こだわりだしたら、何百万円かけても惜しくないと思ってしまうのが映像と音の世界。しかし、予算には限りがあります。スピーカーから聞こえてくる音は置き方や角度で全然違ったものになります。また、現在主流になりつつあるプロジェクターの置き方やスクリーンの設置方法など、専門家のアドバイスを聞きながら、わが家に合った使い方ができるリビングシアターを手に入れましょう。



スクリーンを下ろして、プロジェクターで映像を映し出すとなると、ちょっと本格的な感じがします。プロジェクターの魅力はなんといっても迫力の大画面。映画館の雰囲気を自宅でも楽しむことができます。
プロジェクターの場合は天井から吊り下げたり、天井埋め込み式や、家具に組み込んだりと、設置にはいろいろな方法があります。
普段の番組は薄型のテレビで鑑賞して、映画や音楽のライブなど大画面で楽しみたいときは、スクリーンを降ろしてプロジェクターで映像を投射すると、ホームシアターとして使わない時でも邪魔にならず、空間を有効に使うことができます。ボタンひとつでスクリーンが降りてくる瞬間は、まさに部屋が映画館になったような高揚感があります。
 

■スクリーンを下ろすと、リビングがたちまち映画館に
普段はプラズマテレビなど大画面テレビで鑑賞。   映像や好きなシアターテイストのライブなどでは、さらに大きなスクリーンで楽しむ。

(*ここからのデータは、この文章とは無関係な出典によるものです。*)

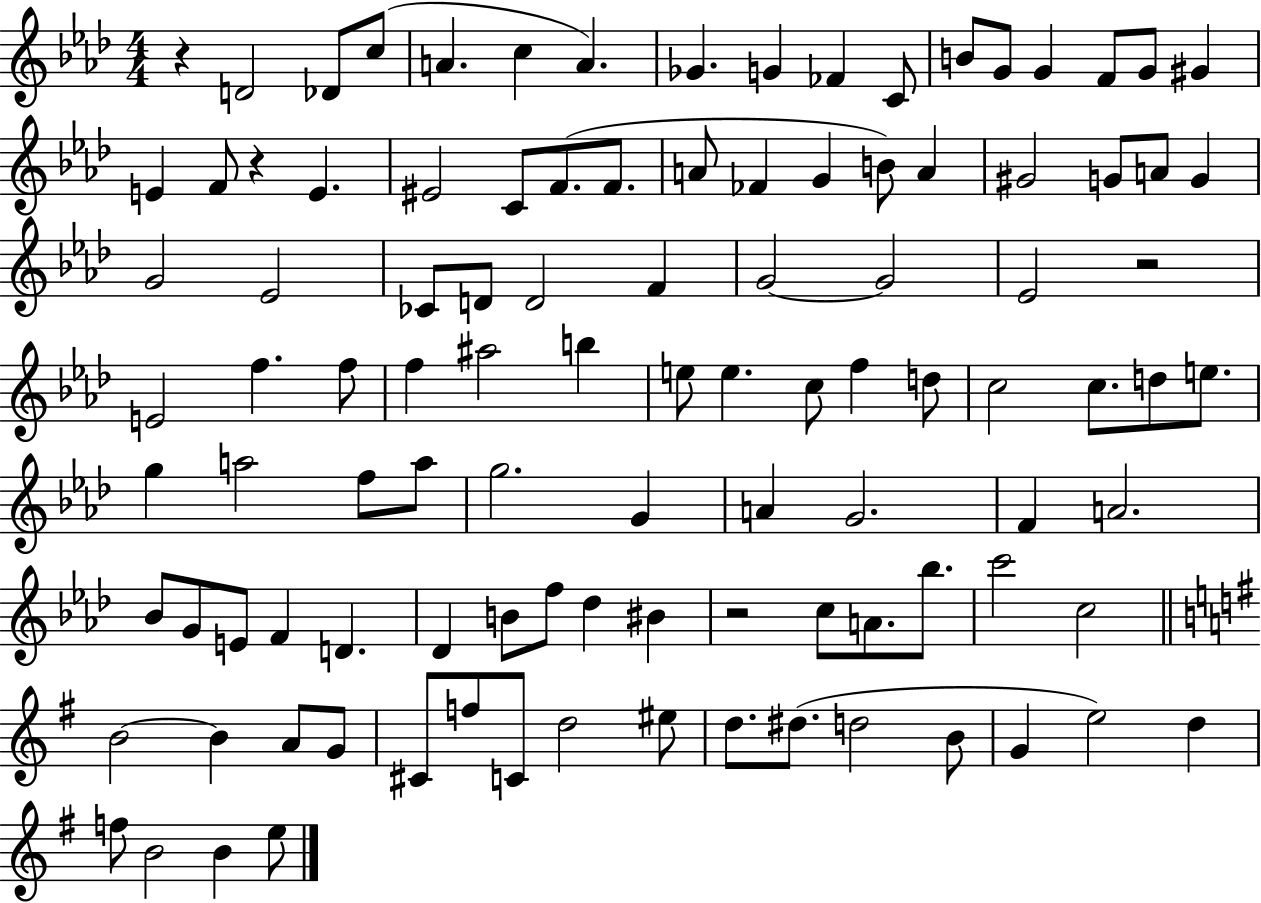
X:1
T:Untitled
M:4/4
L:1/4
K:Ab
z D2 _D/2 c/2 A c A _G G _F C/2 B/2 G/2 G F/2 G/2 ^G E F/2 z E ^E2 C/2 F/2 F/2 A/2 _F G B/2 A ^G2 G/2 A/2 G G2 _E2 _C/2 D/2 D2 F G2 G2 _E2 z2 E2 f f/2 f ^a2 b e/2 e c/2 f d/2 c2 c/2 d/2 e/2 g a2 f/2 a/2 g2 G A G2 F A2 _B/2 G/2 E/2 F D _D B/2 f/2 _d ^B z2 c/2 A/2 _b/2 c'2 c2 B2 B A/2 G/2 ^C/2 f/2 C/2 d2 ^e/2 d/2 ^d/2 d2 B/2 G e2 d f/2 B2 B e/2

リモコンひとつで大画面スクリーンが自動開閉されるタイプなら、使わないときは、スッキリ収納されているので、邪魔にならない。



いかにいい音を楽しむか、素晴らしい音響空間を作るか。スピーカーの向きをちょっと変えるだけで、まったく違う音に聞こえてしまうほど、音は繊細です。好む音質は、人それぞれが感じかたが違うので、居心地のよい自分にあった音響空間にしましょう。
ホームシアターでいわれる、5.1chというのは、5本のスピーカーと1つのサブウーハー(低音専用スピーカー) 1本(0.1ch)のことをいいます。簡単な設置場所は、センタースピーカーは人の音声(セリフ)が出るので、テレビやスクリーンの下に設置するのが普通です。フロントの左右にその他の音を出す2本のスピーカーがあり、フロントの中央からちょっとずらしたところに、サブウーハーが設置されるのが一般的です。リアスピーカー(サラウンドスピーカー)の2本は、座っている位置より後ろに置くのですが、「リビングシアター」であれば、床に置くタイプではなく、使用しない時に邪魔にならないよう、天井や壁に取り付ける場合が多いようです。今は9.1chまで出ていますが、基本的にリアスピーカーの数を増やしているだけなので、5.1chあれば十分だと考えられています。また、2.1chで擬似的にサラウンド効果を楽しむこともできますが、本格的にリビングシアターを楽しみたいのであれば、やはり5.1chがおすすめです。